As U.S. local governments increasingly rely on digital infrastructure to manage critical utilities and public assets, a sophisticated Chinese-speaking hacking group has exploited a zero-day vulnerability in municipal networks across multiple cities, according to cybersecurity researchers at Cisco Talos.
Chinese-speaking hackers exploited zero-day vulnerabilities targeting critical municipal infrastructure across multiple U.S. cities, researchers confirm.
The threat actor, designated UAT-6382, targeted Trimble Cityworks, a GIS-based asset and work order management tool widely deployed by American public agencies.
The breach campaign commenced in January 2025, with investigators first detecting suspicious network reconnaissance activities targeting public sector organizations. Attackers utilized the Cityworks vulnerability to establish initial footholds, thereafter deploying a Rust-based malware loader designed to install Cobalt Strike signals and VSHell backdoors throughout compromised systems.
Evidence directly linking the operation to Chinese-speaking operators emerged through forensic analysis of custom malware components. Researchers identified “TetraLoader,” built using “MaLoader,” with both tools containing code written exclusively in Simplified Chinese. Multi-factor authentication could have prevented unauthorized access to critical systems, experts noted.
Web shells including AntSword and Chopper featured Chinese-language messaging, whereas post-breach investigations consistently revealed Chinese text embedded within attack infrastructure.
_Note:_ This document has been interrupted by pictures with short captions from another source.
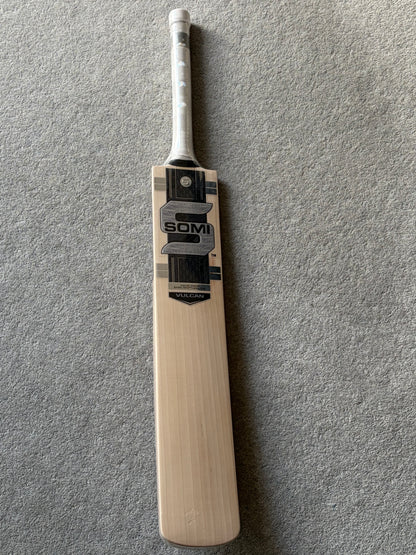 Somi Vulcan Cricket Bat( 2lb 8oz)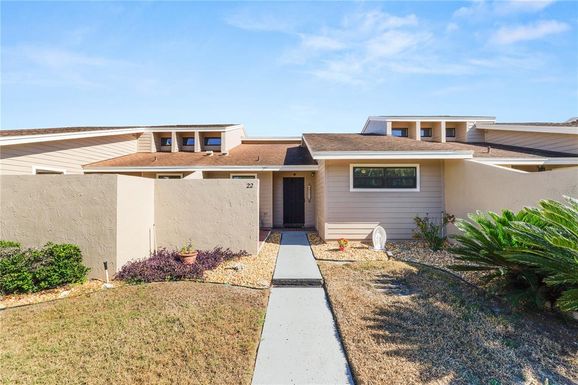 5225 IMPERIAL LAKES BOULEVARD UNIT 22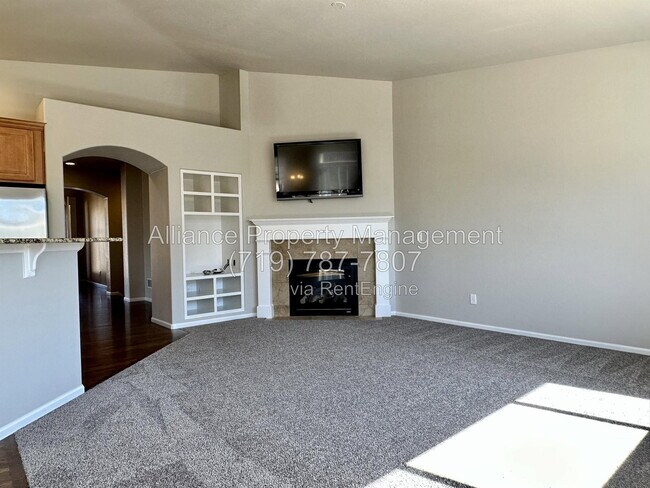Building Photo - 2075 Bobcat Valley Ct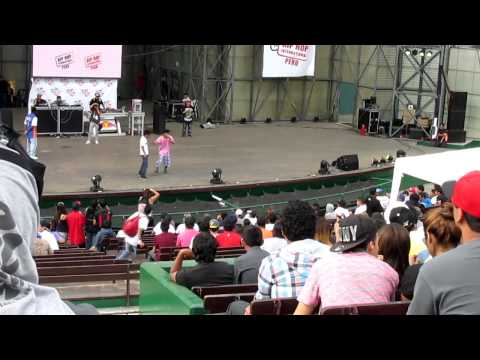 Creativo vs Stroke - 32avos - Hip Hop International Perú 2014 - Parque de la Exposición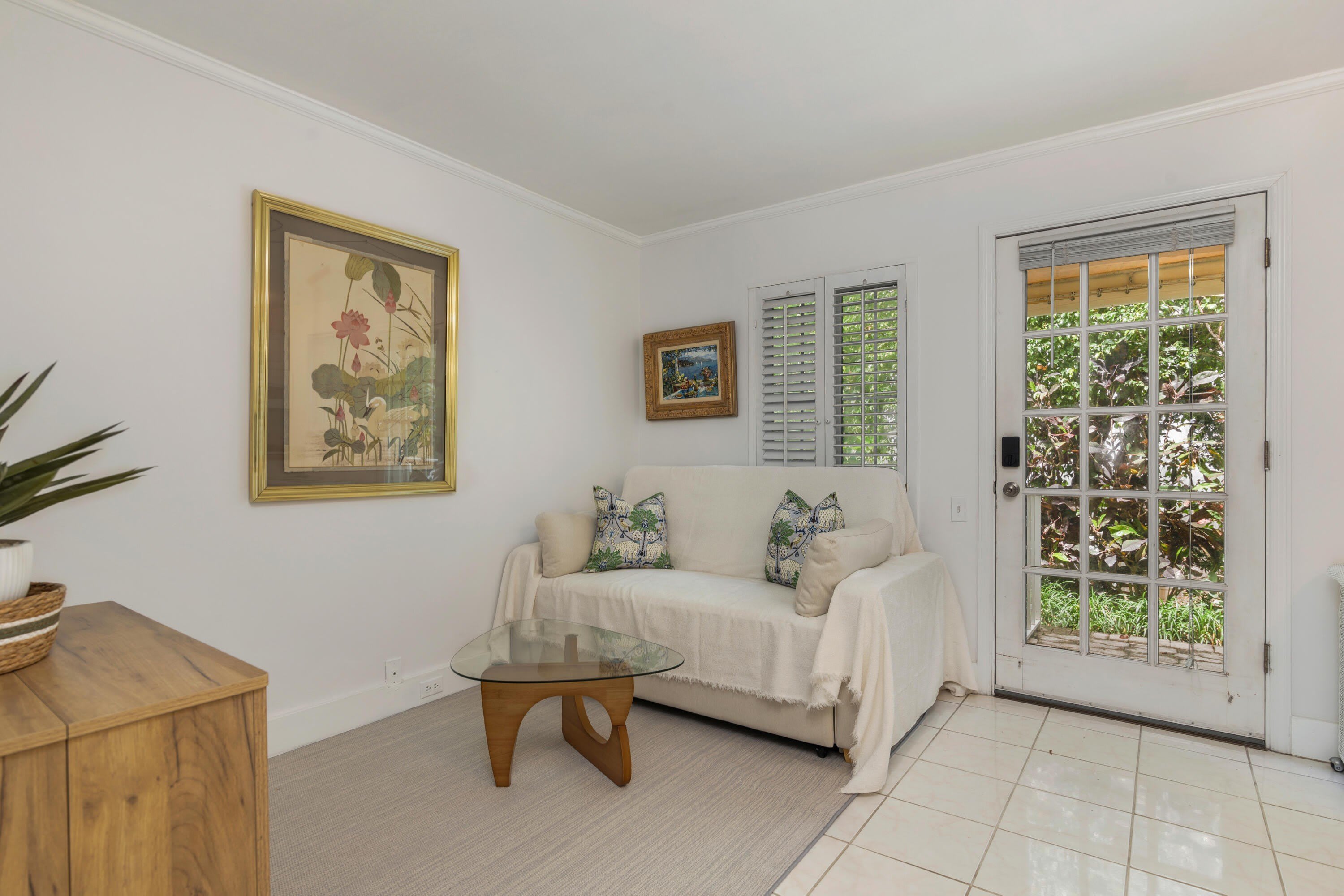 155 Peruvian Avenue – photo 2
The targeting strategy concentrated on local governing bodies, utilities, and public works departments across multiple American cities. Compromised Cityworks installations made possible lateral movement within municipal networks, potentially exposing sensitive infrastructure data and utility management information.
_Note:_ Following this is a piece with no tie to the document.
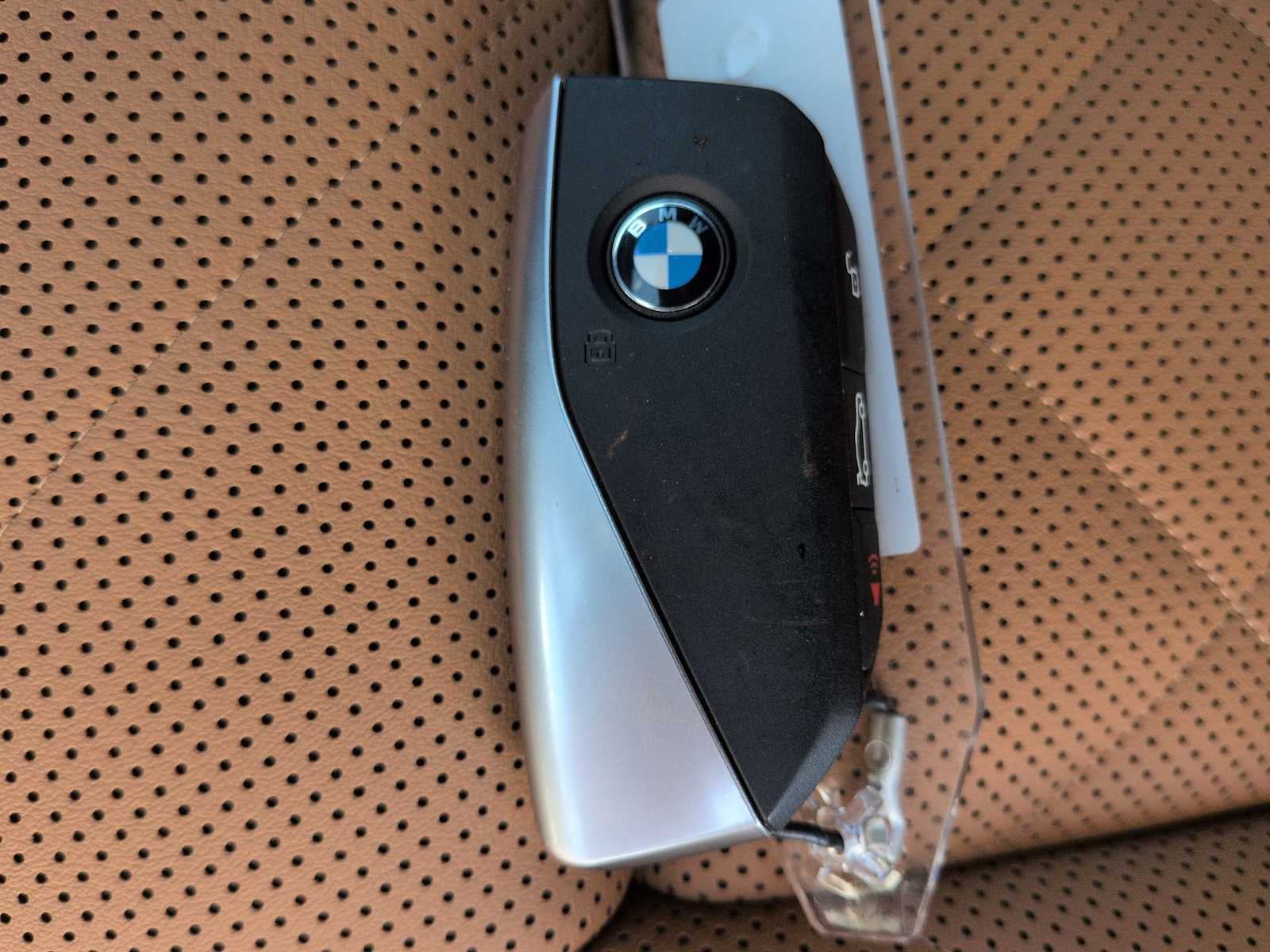 2027 BMW X6 xDrive40i
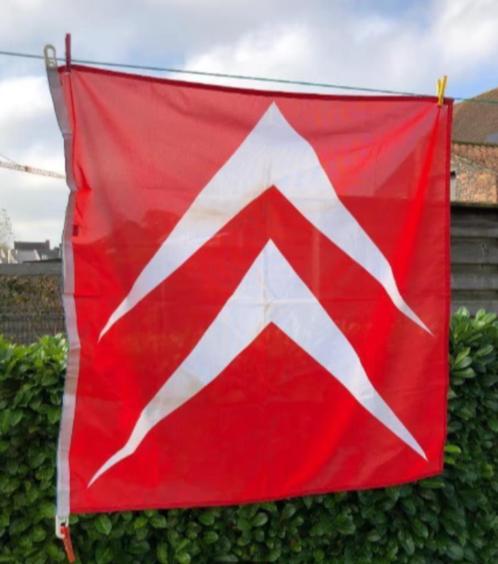 Originele officiële Citroën vlag 1m vierkant, Verzamelen, Merken en Reclamevoorwerpen, Zo goed als nieuw, Gebruiksvoorwerp, Ophalen of Verzenden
Attackers established persistent access through strategically placed web shells and remote access tools, indicating long-term intelligence collection objectives.
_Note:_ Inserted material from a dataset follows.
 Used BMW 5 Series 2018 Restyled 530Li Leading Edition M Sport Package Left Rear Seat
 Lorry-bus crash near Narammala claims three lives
This operation follows established patterns of Chinese state-aligned intrusions into American government and critical infrastructure networks dating to 2023. Previous campaigns have penetrated telecommunications systems, federal departments including Treasury, and national infrastructure components.
Security analysts note these activities align with pre-positioning strategies, whereby nation-state actors embed malware within critical systems for potential activation during geopolitical tensions. The operations mirror the APT27 hacking group’s activities targeting U.S. defense contractors and government agencies from 2016 to 2023. The municipal breaches demonstrate the growing pattern of attacks targeting third-party vendor systems to gain access to government networks.
The deployment of advanced persistent threat tactics, combined with linguistic evidence and specialized tooling, supports attribution to Chinese hacker-for-hire ecosystems operating with state support.
U.S. Justice Department prosecutions have previously targeted Chinese nationals conducting similar operations under intelligence agency direction. Municipal cybersecurity vulnerabilities continue presenting attractive targets for foreign adversaries seeking access to American infrastructure networks.